(INPUT DATA Opens)

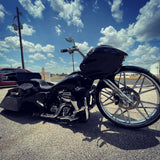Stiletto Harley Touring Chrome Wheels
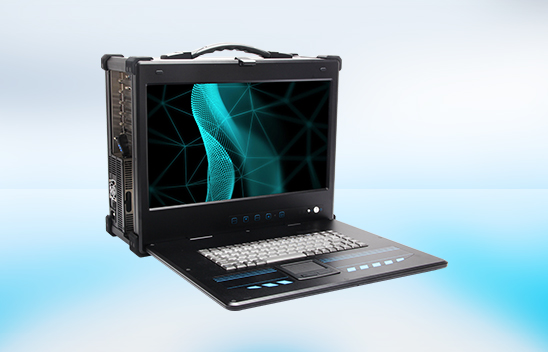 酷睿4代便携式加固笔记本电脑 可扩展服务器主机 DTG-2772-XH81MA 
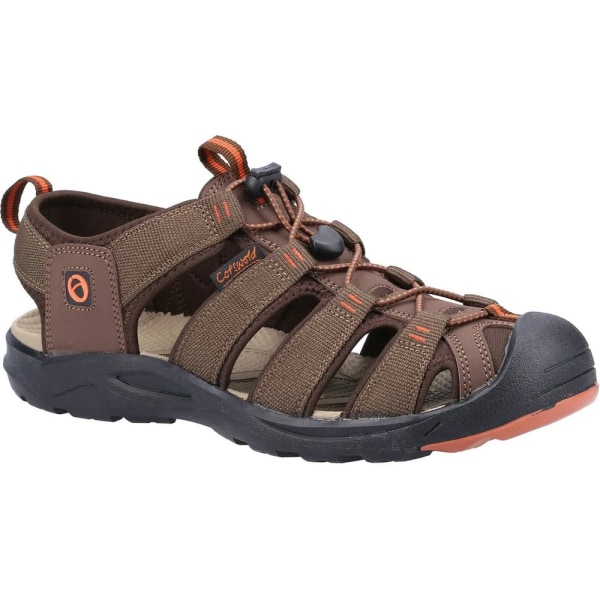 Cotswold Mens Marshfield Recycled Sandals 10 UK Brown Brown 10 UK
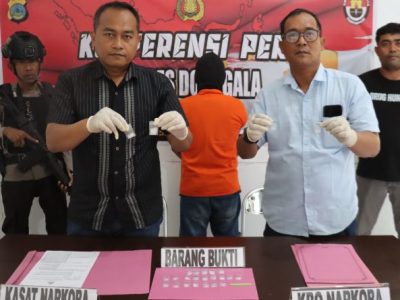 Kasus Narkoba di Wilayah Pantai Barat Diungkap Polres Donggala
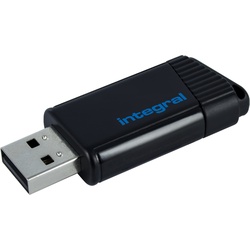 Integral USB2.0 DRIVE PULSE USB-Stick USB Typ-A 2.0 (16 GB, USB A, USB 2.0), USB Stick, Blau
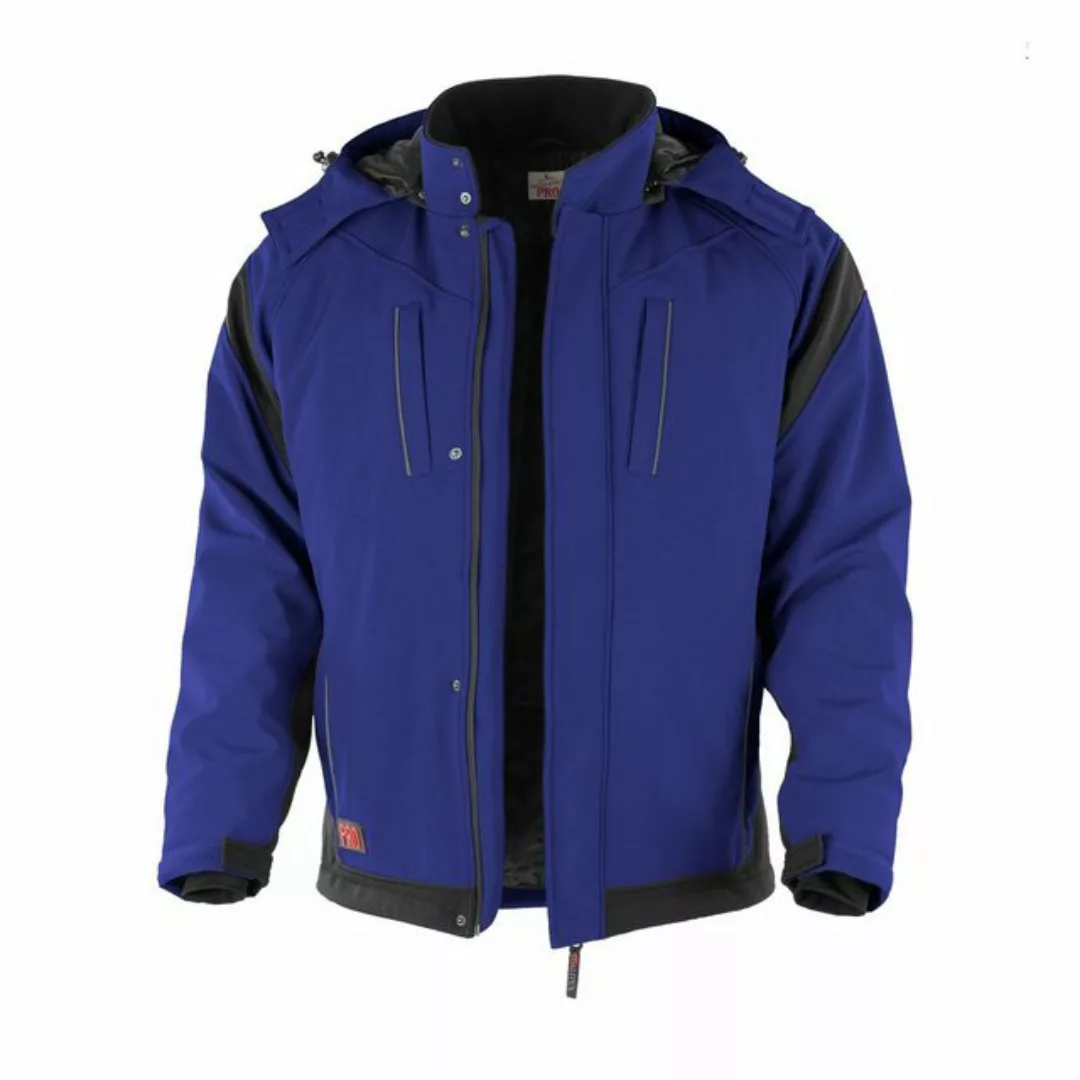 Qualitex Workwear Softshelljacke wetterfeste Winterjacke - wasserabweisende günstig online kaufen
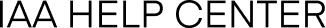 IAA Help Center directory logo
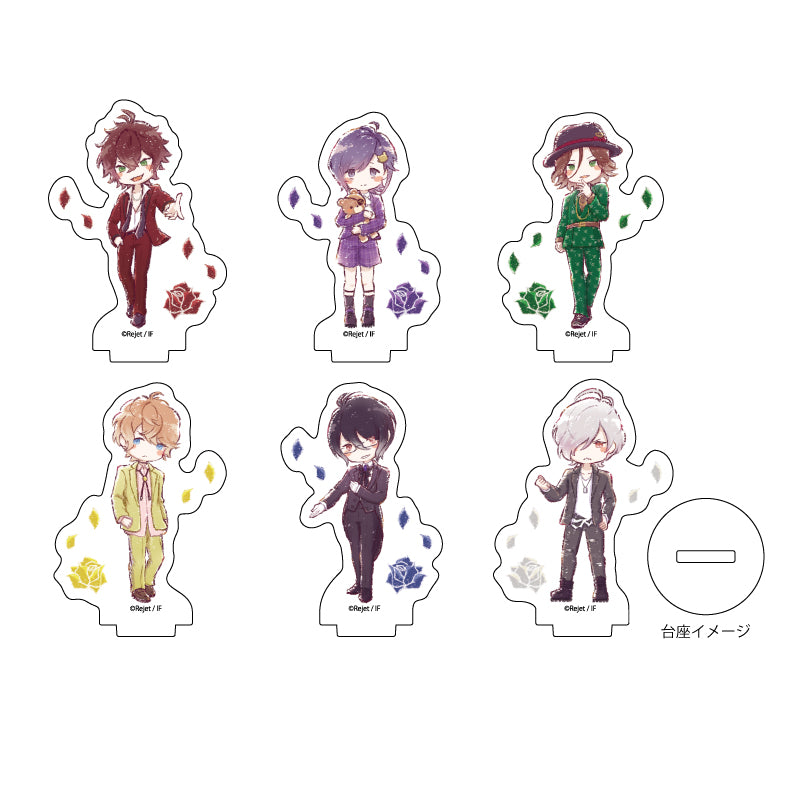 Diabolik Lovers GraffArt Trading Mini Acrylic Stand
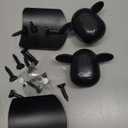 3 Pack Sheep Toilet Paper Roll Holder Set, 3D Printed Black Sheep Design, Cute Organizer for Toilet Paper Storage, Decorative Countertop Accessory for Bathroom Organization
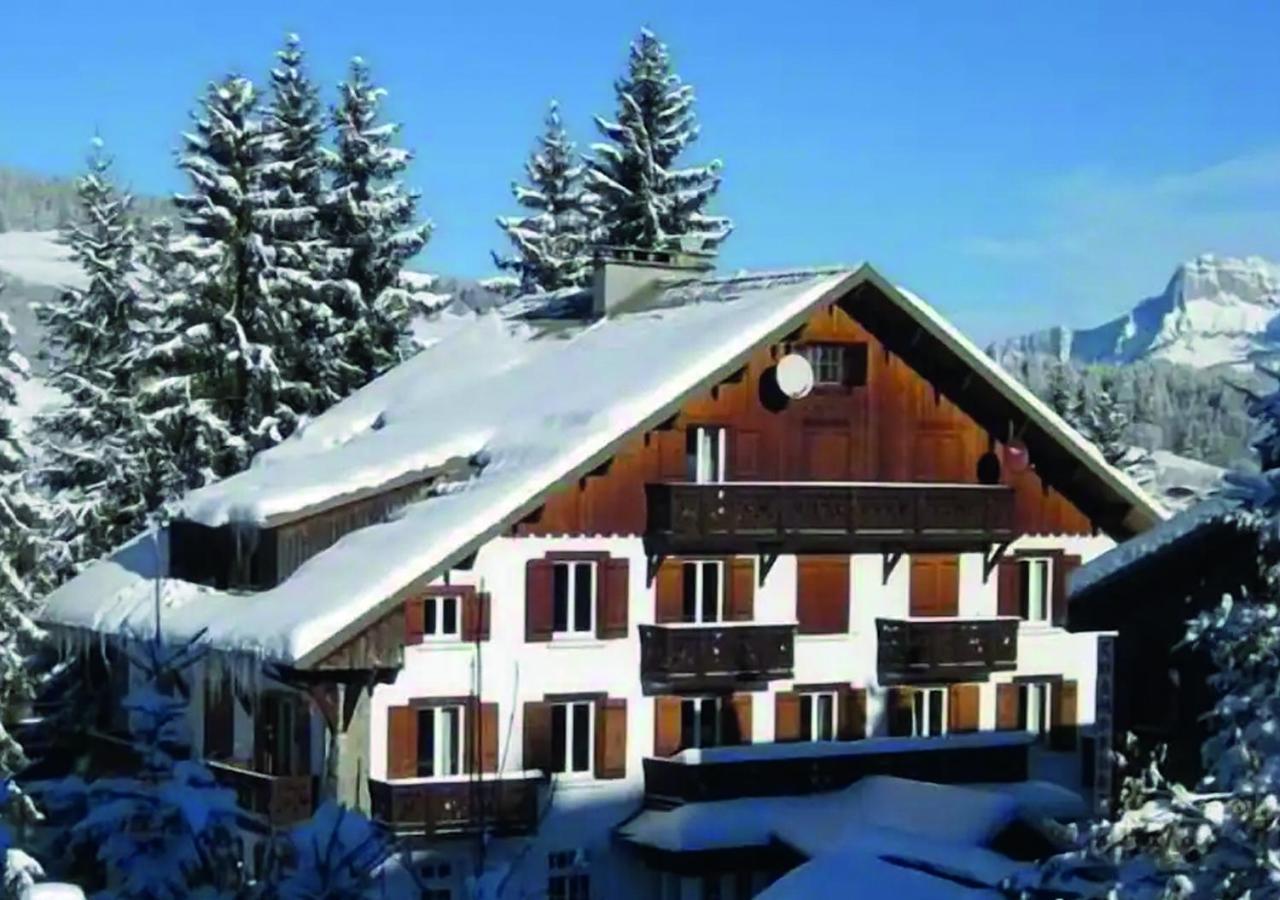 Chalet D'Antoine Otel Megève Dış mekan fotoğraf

(INPUT DATA Closes)

__WORK ORDER__
A word-for-word copy of the records is required. Leave out every picture.

__OUTPUT FOR THIS TASK__
Stiletto Harley Touring Chrome Wheels
 酷睿4代便携式加固笔记本电脑 可扩展服务器主机 DTG-2772-XH81MA 
 Cotswold Mens Marshfield Recycled Sandals 10 UK Brown Brown 10 UK
 Kasus Narkoba di Wilayah Pantai Barat Diungkap Polres Donggala
 Integral USB2.0 DRIVE PULSE USB-Stick USB Typ-A 2.0 (16 GB, USB A, USB 2.0), USB Stick, Blau
 Qualitex Workwear Softshelljacke wetterfeste Winterjacke - wasserabweisende günstig online kaufen
 IAA Help Center directory logo
 Diabolik Lovers GraffArt Trading Mini Acrylic Stand
 3 Pack Sheep Toilet Paper Roll Holder Set, 3D Printed Black Sheep Design, Cute Organizer for Toilet Paper Storage, Decorative Countertop Accessory for Bathroom Organization
 Chalet D'Antoine Otel Megève Dış mekan fotoğraf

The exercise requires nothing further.